Archive | March 2015

The most Studio Ghibli moment of all is not what you think

The single most Studio Ghibli moment of all Studio Ghibli moments occurs in Whisper of the Heart. It’s not a moment of artistic splendor or imaginative wonder, but a throwaway line by a girl who’s mad at her dad.

It occurs when Shizuku is at her best friend Yuko’s house. They are about to discuss some major boy troubles. Yuko glances at her dad sitting in the living room. He greets them cheerfully. She whispers to Shizuku “we’re not speaking,” or something to that effect, while the dad appears to be utterly oblivious to this apparent tension with his daughter.

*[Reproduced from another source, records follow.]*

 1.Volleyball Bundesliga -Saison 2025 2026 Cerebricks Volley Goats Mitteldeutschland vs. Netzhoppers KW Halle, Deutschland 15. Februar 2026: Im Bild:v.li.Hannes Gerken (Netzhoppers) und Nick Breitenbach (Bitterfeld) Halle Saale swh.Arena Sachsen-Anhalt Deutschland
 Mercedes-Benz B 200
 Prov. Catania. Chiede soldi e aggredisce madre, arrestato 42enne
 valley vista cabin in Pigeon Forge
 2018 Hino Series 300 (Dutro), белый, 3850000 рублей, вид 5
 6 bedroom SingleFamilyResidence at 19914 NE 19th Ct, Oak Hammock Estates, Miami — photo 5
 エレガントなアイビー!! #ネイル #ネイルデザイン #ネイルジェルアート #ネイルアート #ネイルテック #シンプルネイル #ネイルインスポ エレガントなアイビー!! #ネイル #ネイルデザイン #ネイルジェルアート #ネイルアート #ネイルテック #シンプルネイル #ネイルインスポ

I think about this moment, in the context of cinematic world building, a lot. Yuko is a secondary character in this film. She has some key scenes, a minor arc of her own, but it’s all backup to Shizuku’s goings-on. Yuko’s dad never appears again. It’s a throwaway line of dialogue with absolutely no bearing on the plot. And yet it packs a lot of information that gets us thinking about these characters.

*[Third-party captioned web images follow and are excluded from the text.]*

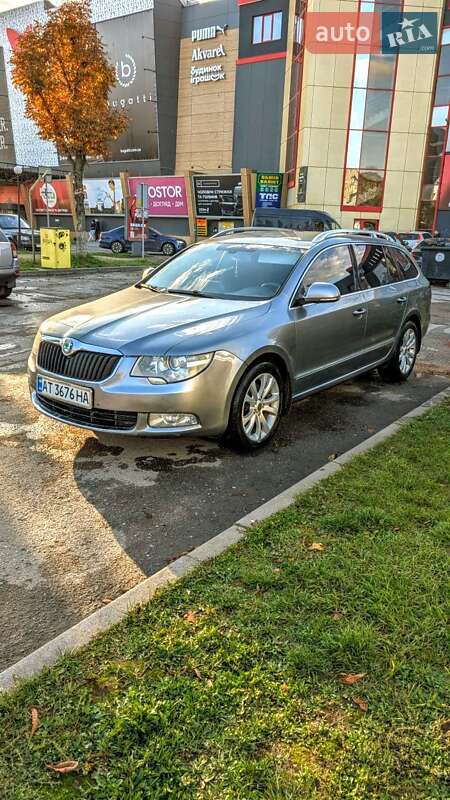 Универсал Skoda Superb 2012 в 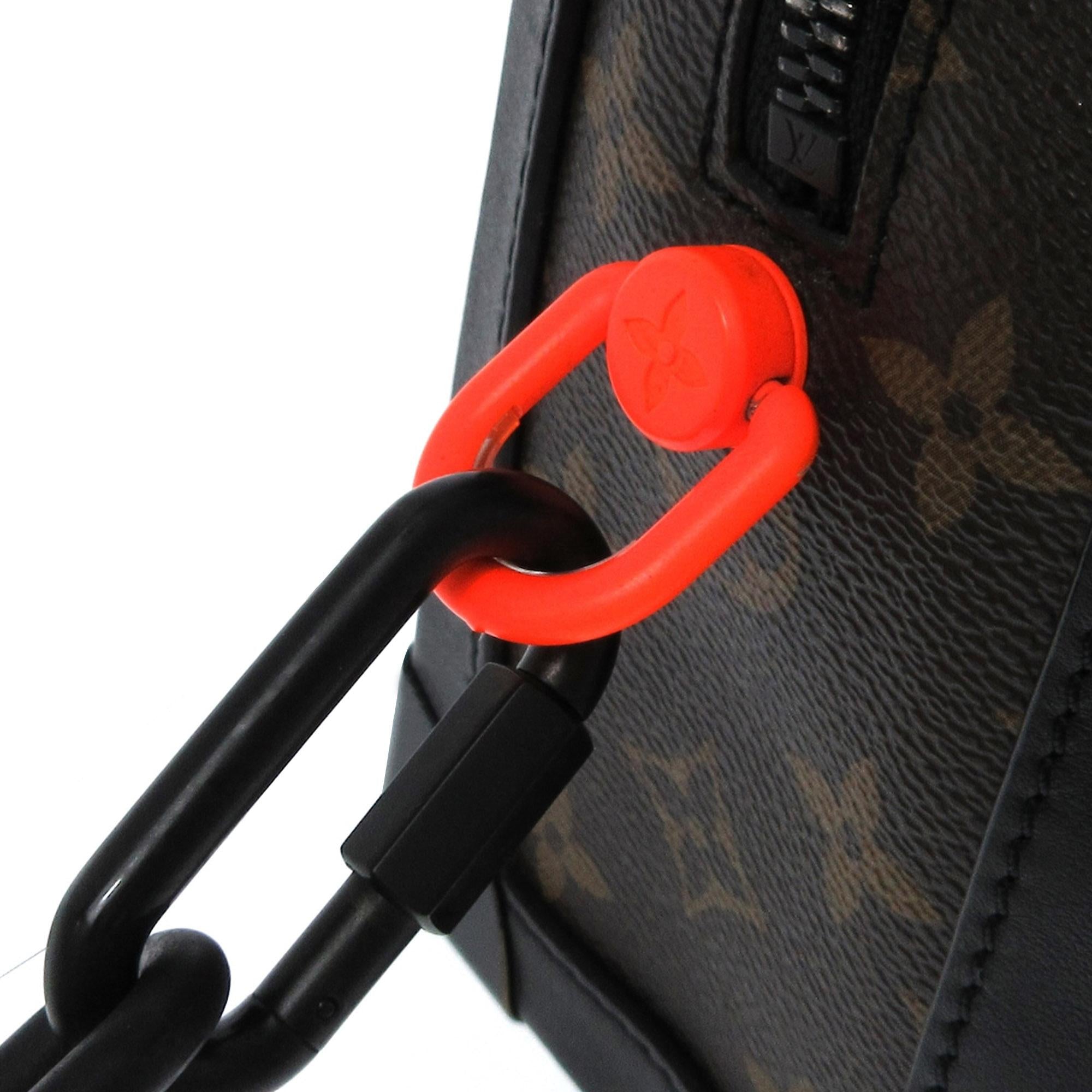 Louis Vuitton Monogram Solar Ray Soft Trunk (SHG-SzJGQv)
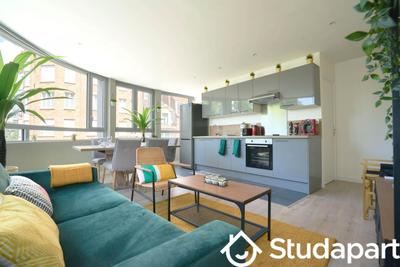 Chambre - 11 m² - 1 pièce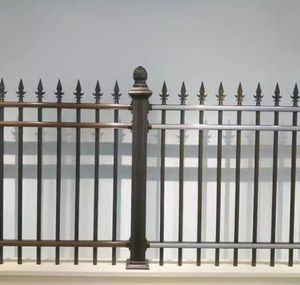 המפעל ישיר באיכות גבוהה מרפסת מותאמת אישית גדר פחמן פלדה אלומיניום מגולוון סגסוגת זכוכית - Product Image 5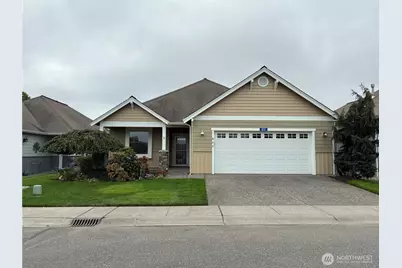 800 Farmington Drive #6, Burlington, WA 98233 - Photo 1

Is Yuko playing up her conflict with her dad? Or maybe she has a strained relationship with her dad, and this is a regular occurrence? We never know: the film doesn’t linger on the dialogue. Shizuku also doesn’t have anything to say about it.

But also consider that Shizuku and Yuko are best friends. The line is the sort of thing people actually say to their friends that rarely ends up in movies. Normally, such a line would have to be followed up in the story. Chekov talked about guns but we apply to the rule to just about everything. Instead, its passivity is actually a very subtle indication of Yuko’s comfort in talking to Shizuku.

Studio Ghibli films are regularly marvels of packing a lot of information in small packages; one of my main gripes with the English dubs is how often they fill silent moments with unnecessary verbal exposition. The films are masterpieces of less-is-more storytelling. This scene is not important at all to the plot. But Yoshifumi Kondo and Hayao Miyazaki obviously saw it as a moment to flesh out this world, a chance to know these characters a little but more.

In Miyazaki’s fantasy films, he fills the screen to the brim with detail, often hiding incredible works of art on the outer edges where we might never notice them. Isao Takahata’s masterpieces of quiet real-life, Grave of the Fireflies and Only Yesterday, are full of moments that show that there is no better way to learn about someone than to see what they do when nothing else is happening. In this contemporary film, one of the very best made by Studio Ghibli, there are no mythical monsters and sentient lamps to put on screen. But there is still ample worldbuilding to be done.

As I said before, Whisper of the Heart‘s drama is constructed entirely around the anxieties of growing up and realizing that you are going to leave behind all that is familiar to you. That Whisper of the Heart takes every possible moment to make that world as familiar to us as it is to Shizuku is one of its greatest strengths.